# Work request:
Only the lines below from the one containing "Chat Noir, Résine, H.30" through the last line should be set down, exactly as written and with no pictures.
[Opening Information provided section]
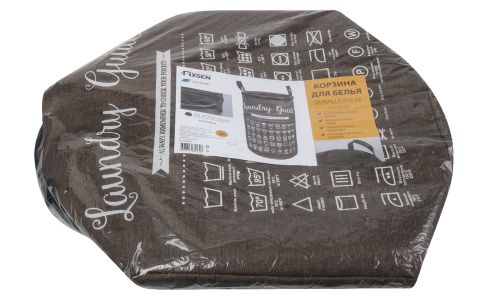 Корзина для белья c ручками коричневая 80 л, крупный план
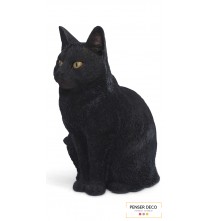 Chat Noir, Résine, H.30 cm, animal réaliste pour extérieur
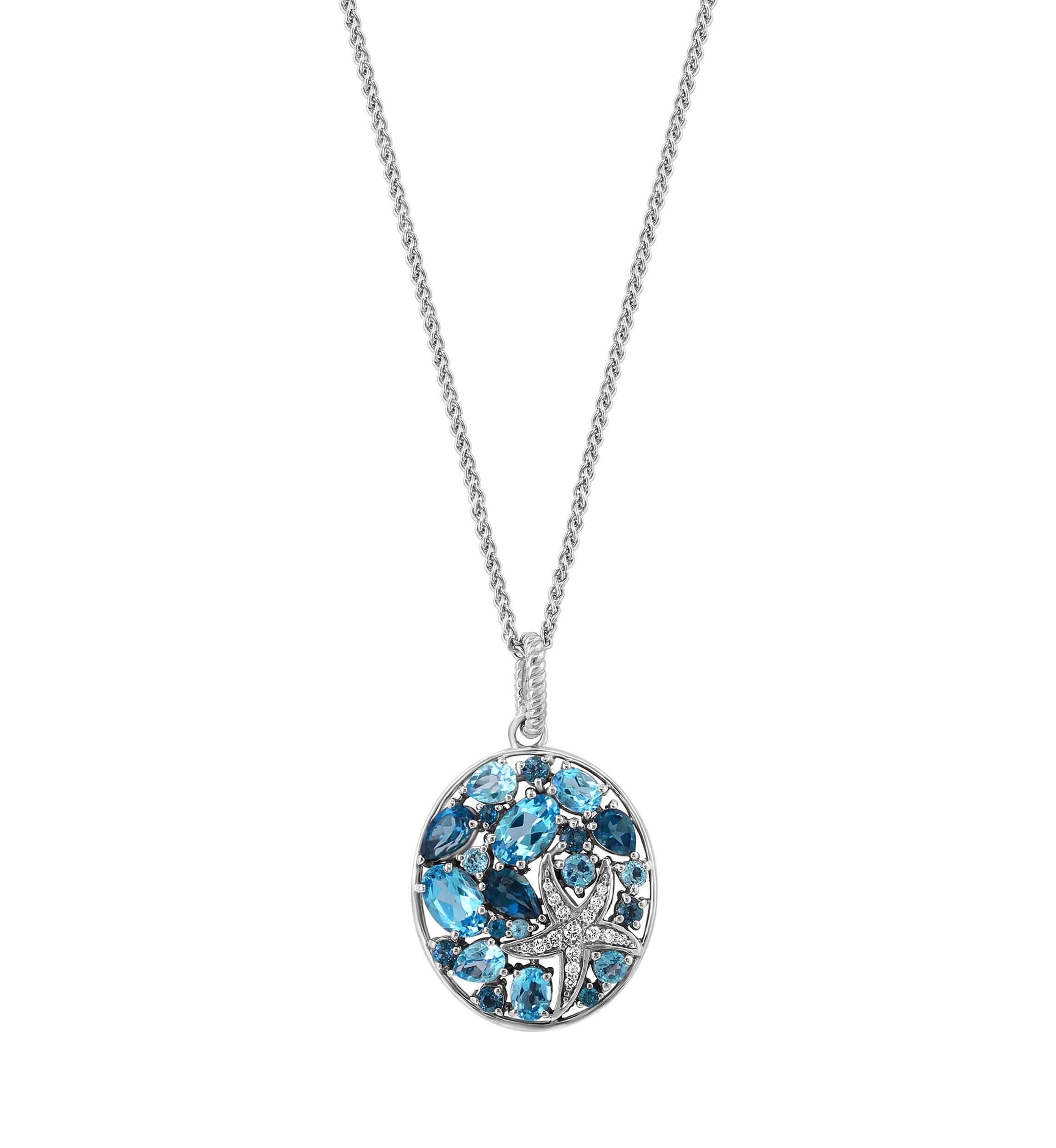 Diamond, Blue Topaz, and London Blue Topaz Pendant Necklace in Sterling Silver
[Closing Information provided section]
# Output of the task:
 Chat Noir, Résine, H.30 cm, animal réaliste pour extérieur
 Diamond, Blue Topaz, and London Blue Topaz Pendant Necklace in Sterling Silver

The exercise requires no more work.